Researchers at the University of Melbourne have developed a technique which could increase the sensitivity of magnetic resonance imaging (MRI) for patient diagnosis.

The new technique works by increasing the strength of the magnetic field produced by molecules, and hence increasing their signal when measured by MRI.

The team engineered specific defects in diamond crystals that exert a controlled quantum mechanical influence over the nuclear spins in nearby molecules, including potentially those used in metabolic imaging of brain tumours, making them ‘line up’ (polarise) in a specific orientation.

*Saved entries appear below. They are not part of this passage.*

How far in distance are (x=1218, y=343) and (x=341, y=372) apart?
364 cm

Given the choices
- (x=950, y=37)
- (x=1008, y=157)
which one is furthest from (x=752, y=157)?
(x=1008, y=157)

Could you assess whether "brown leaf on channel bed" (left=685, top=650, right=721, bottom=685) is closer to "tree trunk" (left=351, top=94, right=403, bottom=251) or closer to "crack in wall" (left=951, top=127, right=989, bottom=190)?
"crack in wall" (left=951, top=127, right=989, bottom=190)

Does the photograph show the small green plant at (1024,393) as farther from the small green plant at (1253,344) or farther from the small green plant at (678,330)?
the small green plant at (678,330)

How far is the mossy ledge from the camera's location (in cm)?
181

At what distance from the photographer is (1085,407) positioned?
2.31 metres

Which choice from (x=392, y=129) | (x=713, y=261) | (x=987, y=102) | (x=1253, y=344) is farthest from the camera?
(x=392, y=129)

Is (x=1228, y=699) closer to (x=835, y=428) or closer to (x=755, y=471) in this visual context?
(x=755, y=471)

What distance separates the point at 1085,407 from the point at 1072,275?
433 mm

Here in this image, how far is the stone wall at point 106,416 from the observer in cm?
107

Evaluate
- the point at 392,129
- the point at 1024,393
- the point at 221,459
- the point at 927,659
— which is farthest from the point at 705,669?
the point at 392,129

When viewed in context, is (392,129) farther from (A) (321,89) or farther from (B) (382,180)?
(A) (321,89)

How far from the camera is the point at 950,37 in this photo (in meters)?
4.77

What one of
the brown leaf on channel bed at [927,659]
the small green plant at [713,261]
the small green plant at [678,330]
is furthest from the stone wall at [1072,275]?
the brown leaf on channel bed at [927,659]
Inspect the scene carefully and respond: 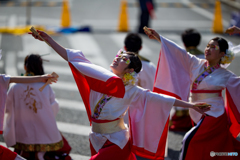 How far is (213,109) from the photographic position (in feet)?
13.4

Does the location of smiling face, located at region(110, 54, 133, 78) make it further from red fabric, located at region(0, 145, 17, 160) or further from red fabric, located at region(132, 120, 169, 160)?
red fabric, located at region(0, 145, 17, 160)

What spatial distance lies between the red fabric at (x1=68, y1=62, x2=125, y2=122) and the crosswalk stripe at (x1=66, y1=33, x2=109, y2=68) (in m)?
5.13

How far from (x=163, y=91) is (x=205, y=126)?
0.65 meters

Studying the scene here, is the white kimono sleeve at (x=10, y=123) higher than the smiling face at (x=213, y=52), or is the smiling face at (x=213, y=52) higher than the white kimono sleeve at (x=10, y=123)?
the smiling face at (x=213, y=52)

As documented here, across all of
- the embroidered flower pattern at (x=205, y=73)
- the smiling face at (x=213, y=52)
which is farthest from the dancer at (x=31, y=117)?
the smiling face at (x=213, y=52)

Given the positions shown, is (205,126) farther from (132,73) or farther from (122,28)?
(122,28)

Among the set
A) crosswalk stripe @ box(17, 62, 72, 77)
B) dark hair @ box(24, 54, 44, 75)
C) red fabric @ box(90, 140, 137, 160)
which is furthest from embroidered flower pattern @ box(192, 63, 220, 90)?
crosswalk stripe @ box(17, 62, 72, 77)

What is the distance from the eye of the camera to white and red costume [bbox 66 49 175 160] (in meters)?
3.46

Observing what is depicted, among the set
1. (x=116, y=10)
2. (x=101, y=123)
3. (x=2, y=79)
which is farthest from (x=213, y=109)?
(x=116, y=10)

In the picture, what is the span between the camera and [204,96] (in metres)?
4.18

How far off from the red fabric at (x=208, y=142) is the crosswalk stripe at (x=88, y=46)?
5.09 meters

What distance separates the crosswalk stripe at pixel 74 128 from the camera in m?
5.55

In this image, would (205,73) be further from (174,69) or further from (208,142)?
(208,142)

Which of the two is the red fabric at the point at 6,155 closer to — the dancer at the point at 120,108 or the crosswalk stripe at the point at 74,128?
the dancer at the point at 120,108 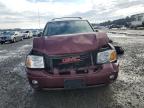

This hyperpolarised state of nuclear spins is highly ordered and increases the magnetic field that can be detected by techniques like MRI.

It is the first time that this polarisation of molecular nuclei has been shown using such a diamond-based quantum probe.

University of Melbourne School of Physics researcher Lloyd Hollenberg led the research team, with the work published in Nature Communications.

Professor Hollenberg, who is CQC²T Deputy Director and Thomas Baker Chair at the University of Melbourne, said the best MRI scanners in the world are now reaching the maximum magnetic field that can be tolerated by the human body as the technology strives for greater sensitivity.

“The superconducting magnets that produce these fields are also the reason MRI scanners cost millions of dollars, as the magnets need to be kept at cryogenic temperatures,” Professor Hollenberg said.

“Clearly a disruptive approach is needed, so we look to using quantum technology to produce a greater signal intensity of certain molecular targets at the atomic level.”